I’m not married and I don’t have kids of my own. Someone rudely asked me a few years ago whether or not I regretted not having kids. To be honest, it wasn’t a choice. I haven’t met the right man yet, I guess, and I have never really felt a deep need to have children. I often wonder if that is partially because I’m a teacher and I see “my kids” every day at work. I’ve been working in secondary schools for fourteen years now, so I’ve taught lots and lots of students. Some of them have blurred in my memory, but a number have stayed with me, lodged deeply in my heart and mind.

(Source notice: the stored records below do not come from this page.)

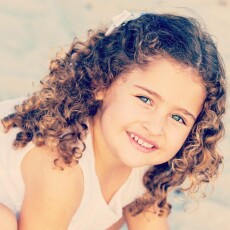 La princesse Adrienne, duchesse de Blekinge fête ses 4 ans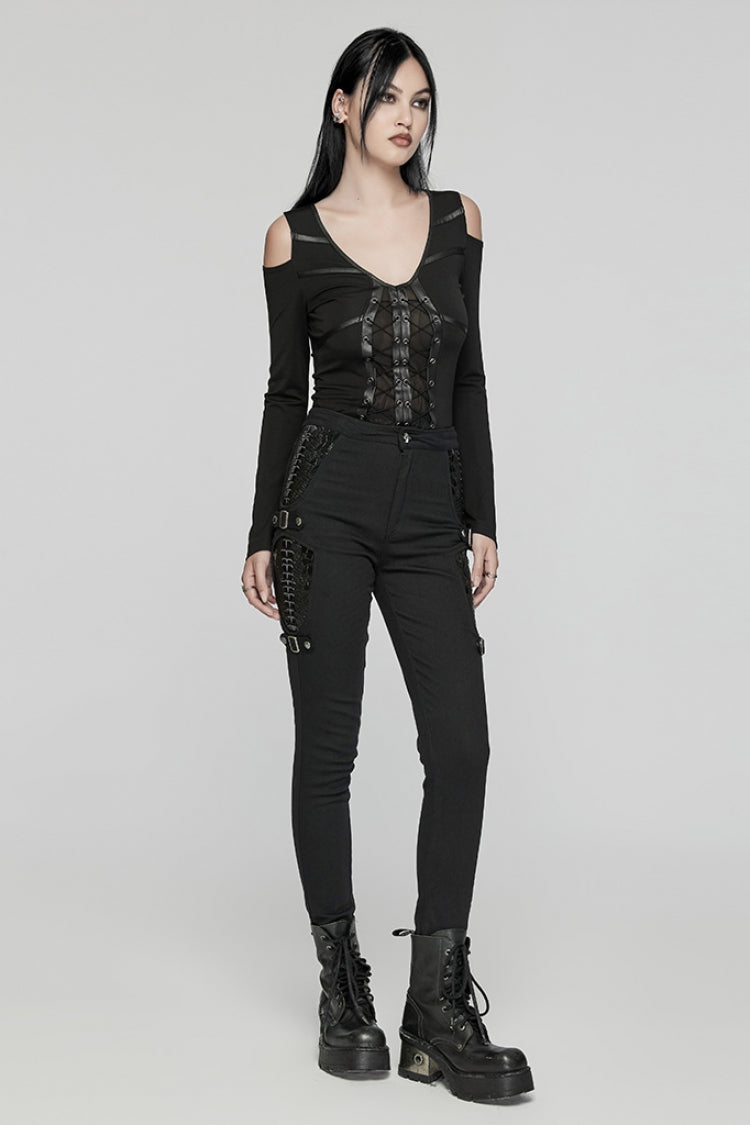 Finely Styled Pants with a Classic Vintage Look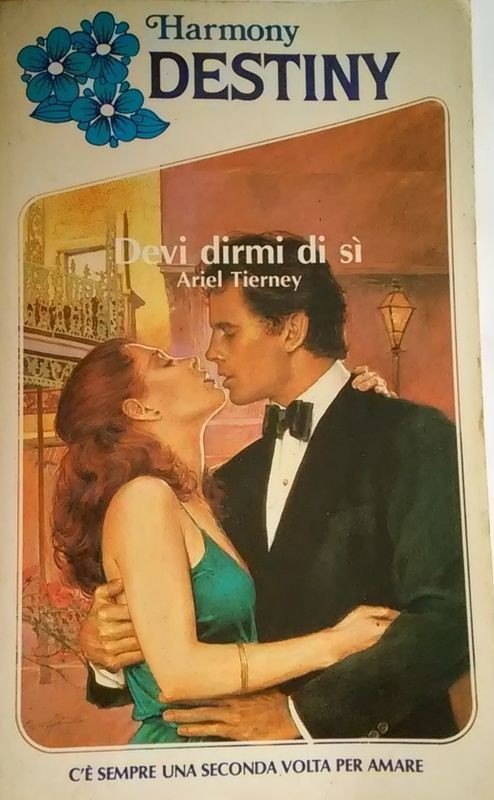 Devi dirmi di sì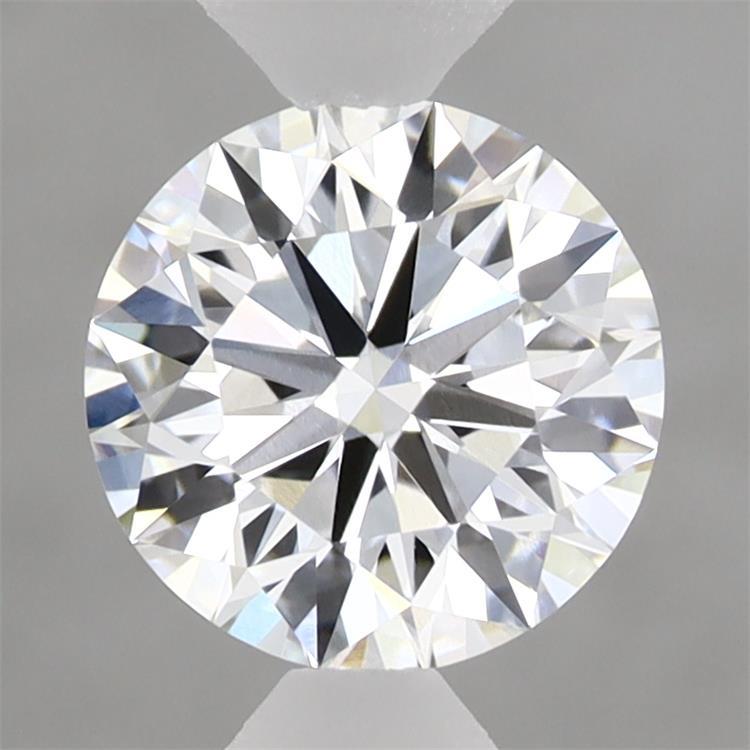 1.47 Carat Round Shaped, Ideal Cut, D Color, VVS2 Clarity, IGI Certified Lab Grown Diamond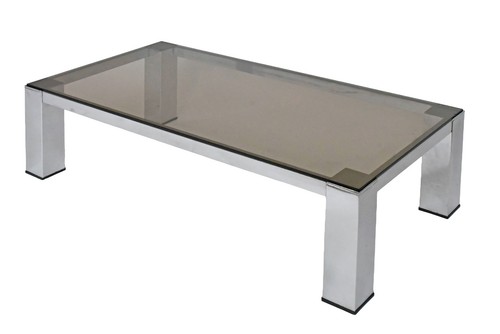 Table basse moderniste - , en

This past week has been hard. The school I teach at is a fantastic all-girls school that was built in the 1950s. It’s rooted in tradition and history. I started working at Marymount in 2004, three years after I began teaching. I got my B.Ed. at the age of thirty, which is a bit late for starting in a career. A lot of teachers began in teaching, jumping right in after university. Not me. I took the long route, taking an M.A. in English, and then working at the Art Gallery of Sudbury and then the Cancer Centre. 🙂 I graduated from Marymount in 1989. It’s been twenty-six years since I graduated! Hard to believe!
I’ve met lots of great kids over the fourteen years I’ve been teaching, both at St. Charles College and at Marymount Academy. My first year at Marymount, though, is imprinted on my memory with great clarity. I remember, on the first day, lugging too many book bags and new binders, and then falling *up* the main stairwell. It was unbelievably embarrassing! I also remember meeting a group of girls who seemed to be so well matched, like soul sisters. A number (but not all!) of them played volleyball. They were in my Grade 12 English class. Here is what I remember of them, as a group: they were spirited, extremely funny and very brilliant. They weren’t afraid of taking risks in their lives, didn’t have parents who helicoptered in every five minutes, and had the biggest hearts I’ve ever encountered. There are so many excellent stories I could tell you, but there are almost too many, and I kind of want to keep those memories to myself.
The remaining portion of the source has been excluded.